Aún así, las cifras son abrumadoras. Los historiadores afirman que, en su momento de máximo esplendor, los esclavos representaban entre el 15 y el 20% de la sociedad romana. Y la mayoría de ellos eran extranjeros. «Los patricios preferían siervos que hubiesen nacido en la ‘domus’. Es lógico. El que era alumbrado en casa solo conocía esa vida. El guerrero capturado debía borrar veinte años de libertad de su memoria, y, aún así, siempre tenía en mente escabullirse», afirma el doctor en Historia. Por descontado, eso también favorecía la buena relación con la familia. Hay casos documentados de siervos que desarrollaban vínculos afectivos con los hijos de los amos y eran respetados.

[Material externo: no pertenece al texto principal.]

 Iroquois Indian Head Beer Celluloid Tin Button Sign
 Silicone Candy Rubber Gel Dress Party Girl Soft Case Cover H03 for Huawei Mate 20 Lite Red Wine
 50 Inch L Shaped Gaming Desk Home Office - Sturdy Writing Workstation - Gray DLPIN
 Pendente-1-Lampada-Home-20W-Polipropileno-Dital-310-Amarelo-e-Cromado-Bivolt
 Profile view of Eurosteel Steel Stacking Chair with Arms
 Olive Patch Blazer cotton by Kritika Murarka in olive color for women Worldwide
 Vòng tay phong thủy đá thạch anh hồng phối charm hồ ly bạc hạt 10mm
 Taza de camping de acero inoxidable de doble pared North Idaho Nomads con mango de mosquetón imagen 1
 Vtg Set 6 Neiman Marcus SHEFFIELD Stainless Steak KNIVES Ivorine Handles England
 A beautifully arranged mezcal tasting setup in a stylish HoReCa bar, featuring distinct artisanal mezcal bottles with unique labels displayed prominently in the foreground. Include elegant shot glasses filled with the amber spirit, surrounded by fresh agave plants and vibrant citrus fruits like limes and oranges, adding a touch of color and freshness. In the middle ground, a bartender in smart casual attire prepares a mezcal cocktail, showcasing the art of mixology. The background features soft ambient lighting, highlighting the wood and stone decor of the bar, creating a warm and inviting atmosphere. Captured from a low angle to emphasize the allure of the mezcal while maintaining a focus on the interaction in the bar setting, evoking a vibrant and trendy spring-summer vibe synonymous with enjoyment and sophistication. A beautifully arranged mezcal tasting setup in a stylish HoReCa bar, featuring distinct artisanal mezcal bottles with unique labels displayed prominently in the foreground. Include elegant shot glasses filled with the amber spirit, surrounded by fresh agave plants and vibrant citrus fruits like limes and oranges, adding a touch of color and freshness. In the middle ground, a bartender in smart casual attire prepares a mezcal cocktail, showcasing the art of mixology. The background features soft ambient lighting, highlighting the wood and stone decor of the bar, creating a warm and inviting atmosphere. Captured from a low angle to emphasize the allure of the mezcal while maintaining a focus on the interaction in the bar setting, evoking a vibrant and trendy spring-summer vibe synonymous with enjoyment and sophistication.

En todo caso, fueran nacidos en casa o no, uno de los mitos más extendidos es que eran despreciados por la ciudadanía. Nada más lejos de la realidad. «Se suele pensar que, en el día a día, a los esclavos se les distinguía muy bien de los demás. Eso es falso. La mayoría eran blancos, morenos y hablaban el mismo idioma que el romano de a pie. También vestían igual de mal que cualquier trabajador de un taller», explica Íñigo. Así, dedicaban su tiempo a beber en las tabernas –algunos tenían mucho tiempo libre– y se diluían entre la sociedad. «Salvo los que procedían de África o Germania, que eran negros y grandes y rubios respectivamente, el resto pasaban por alto», finaliza.
Ya fueran capturados en Germania o alumbrados en una casucha cercana a la Vía Apia, los destinos de estos desdichados solían ser dos. El primero era el más peligroso y consistía en ser enviado a alguna actividad productiva. Un ejemplo eran los siervos que trabajaban en Sicilia o Egipto, las reservas de cereales del imperio. Aunque no era menos doloroso acabar picando piedra en las minas. «Eran propiedad del estado, pero este las arrendaba a particulares que buscaban sacar todo el dinero que podían y, para ello, se valían de esclavos a los que explotaban», explica. En nuestra castiza León ha quedado constancia de sus pésimas condiciones. Para ellos, volver a casa era un privilegio.
En segundo lugar se hallaban los esclavos domésticos. Y dentro de ellos había también clases. Los más cotizados eran los griegos, muy bien considerados desde la conquista de sus tierras. «Los patricios buscaban usarlos como profesores para sus hijos», sentencia. Los ancianos y los enfermos eran los menos valiosos, mientras que aquellos por los que más se pagaba era por los chicos y las chicas jóvenes y fuertes. «La mayoría eran utilizados para trabajar en la casa, aunque no era raro que fueran parte de la decoración de la misma. A muchos señores les encantaba demostrar que disponían del dinero suficiente como para tener a uno de ellos sujetando un jarrón», sentencia Íñigo.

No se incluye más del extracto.